Task statement: Look through the entries and report how many lines include the word "Pendant". Give the number alone.

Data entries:
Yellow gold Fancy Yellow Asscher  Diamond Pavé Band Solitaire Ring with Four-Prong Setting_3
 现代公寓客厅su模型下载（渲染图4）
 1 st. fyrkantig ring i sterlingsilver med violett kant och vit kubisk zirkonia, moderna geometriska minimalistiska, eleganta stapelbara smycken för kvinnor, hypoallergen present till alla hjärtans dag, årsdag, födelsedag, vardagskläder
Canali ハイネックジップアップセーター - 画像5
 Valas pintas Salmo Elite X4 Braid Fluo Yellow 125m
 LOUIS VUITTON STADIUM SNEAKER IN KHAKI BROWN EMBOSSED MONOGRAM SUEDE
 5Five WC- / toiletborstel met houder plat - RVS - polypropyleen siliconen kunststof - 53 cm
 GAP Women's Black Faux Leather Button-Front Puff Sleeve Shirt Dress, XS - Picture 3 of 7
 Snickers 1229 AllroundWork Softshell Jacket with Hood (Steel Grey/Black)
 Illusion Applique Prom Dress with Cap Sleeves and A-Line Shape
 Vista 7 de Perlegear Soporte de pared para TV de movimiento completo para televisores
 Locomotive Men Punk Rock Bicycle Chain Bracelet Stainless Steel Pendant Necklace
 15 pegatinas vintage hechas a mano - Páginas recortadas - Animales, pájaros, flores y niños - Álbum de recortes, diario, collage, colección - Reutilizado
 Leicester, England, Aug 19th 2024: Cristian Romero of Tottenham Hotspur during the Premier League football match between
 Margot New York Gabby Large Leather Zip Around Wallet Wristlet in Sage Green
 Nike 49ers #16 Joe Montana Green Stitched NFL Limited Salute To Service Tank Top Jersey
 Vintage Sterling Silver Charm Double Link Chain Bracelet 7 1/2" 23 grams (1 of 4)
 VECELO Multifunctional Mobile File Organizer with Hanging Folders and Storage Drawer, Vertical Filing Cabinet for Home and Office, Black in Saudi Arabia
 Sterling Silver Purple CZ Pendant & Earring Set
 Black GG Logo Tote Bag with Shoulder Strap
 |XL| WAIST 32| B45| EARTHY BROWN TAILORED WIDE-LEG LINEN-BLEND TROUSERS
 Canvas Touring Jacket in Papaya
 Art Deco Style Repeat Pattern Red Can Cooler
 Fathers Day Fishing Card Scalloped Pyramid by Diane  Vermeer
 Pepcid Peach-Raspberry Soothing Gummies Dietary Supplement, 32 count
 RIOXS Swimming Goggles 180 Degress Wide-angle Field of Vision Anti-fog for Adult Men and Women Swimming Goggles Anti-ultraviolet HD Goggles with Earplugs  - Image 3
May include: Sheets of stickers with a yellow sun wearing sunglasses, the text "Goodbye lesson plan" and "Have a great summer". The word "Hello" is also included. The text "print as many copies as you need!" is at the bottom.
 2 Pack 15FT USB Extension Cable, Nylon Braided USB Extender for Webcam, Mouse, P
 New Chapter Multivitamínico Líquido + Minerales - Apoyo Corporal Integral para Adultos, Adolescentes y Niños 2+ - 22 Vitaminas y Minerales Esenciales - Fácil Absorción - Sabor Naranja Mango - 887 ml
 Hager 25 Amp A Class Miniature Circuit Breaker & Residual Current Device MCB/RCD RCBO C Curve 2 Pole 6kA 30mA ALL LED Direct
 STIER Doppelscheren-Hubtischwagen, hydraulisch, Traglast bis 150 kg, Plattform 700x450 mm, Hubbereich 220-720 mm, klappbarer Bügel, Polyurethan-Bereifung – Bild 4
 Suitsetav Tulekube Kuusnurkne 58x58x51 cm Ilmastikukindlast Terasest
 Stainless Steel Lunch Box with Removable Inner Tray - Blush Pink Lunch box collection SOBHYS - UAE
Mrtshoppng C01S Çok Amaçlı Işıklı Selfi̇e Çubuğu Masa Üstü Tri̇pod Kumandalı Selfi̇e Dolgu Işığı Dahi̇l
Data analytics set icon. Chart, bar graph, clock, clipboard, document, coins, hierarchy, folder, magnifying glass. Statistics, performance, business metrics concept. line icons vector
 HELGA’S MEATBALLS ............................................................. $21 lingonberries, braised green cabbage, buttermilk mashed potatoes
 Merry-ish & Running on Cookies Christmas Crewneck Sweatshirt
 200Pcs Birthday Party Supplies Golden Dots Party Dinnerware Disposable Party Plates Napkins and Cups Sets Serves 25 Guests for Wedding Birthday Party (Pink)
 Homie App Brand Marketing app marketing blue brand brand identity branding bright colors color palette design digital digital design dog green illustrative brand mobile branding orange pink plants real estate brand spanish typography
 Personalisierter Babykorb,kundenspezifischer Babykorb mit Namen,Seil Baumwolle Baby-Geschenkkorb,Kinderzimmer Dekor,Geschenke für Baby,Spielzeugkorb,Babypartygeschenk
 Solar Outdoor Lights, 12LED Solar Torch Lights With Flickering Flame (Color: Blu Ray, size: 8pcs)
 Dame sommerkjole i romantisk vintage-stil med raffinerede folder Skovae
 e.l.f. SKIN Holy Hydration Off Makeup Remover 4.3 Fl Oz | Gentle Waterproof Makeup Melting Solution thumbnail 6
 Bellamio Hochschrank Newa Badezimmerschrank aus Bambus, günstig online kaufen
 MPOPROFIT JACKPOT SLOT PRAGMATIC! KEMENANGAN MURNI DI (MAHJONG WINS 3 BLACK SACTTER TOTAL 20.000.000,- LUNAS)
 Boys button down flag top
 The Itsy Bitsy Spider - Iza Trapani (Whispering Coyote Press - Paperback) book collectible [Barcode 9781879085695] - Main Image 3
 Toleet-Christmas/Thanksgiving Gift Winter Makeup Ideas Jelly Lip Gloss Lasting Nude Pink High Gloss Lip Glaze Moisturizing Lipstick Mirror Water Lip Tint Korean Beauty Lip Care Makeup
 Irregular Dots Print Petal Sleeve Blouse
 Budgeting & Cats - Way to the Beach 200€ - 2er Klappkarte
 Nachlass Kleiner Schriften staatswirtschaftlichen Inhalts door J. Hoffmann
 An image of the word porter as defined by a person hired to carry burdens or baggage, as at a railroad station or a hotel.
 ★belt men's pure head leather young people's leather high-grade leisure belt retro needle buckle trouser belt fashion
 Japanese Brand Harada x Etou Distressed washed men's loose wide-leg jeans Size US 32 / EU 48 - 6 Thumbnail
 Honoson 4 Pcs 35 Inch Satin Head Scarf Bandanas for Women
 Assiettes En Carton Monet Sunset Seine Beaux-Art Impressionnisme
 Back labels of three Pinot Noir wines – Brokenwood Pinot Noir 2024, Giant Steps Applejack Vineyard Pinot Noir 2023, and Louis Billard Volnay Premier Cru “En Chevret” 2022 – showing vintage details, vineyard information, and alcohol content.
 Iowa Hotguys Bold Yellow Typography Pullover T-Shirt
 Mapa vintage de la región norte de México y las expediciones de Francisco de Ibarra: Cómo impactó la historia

Result below: 2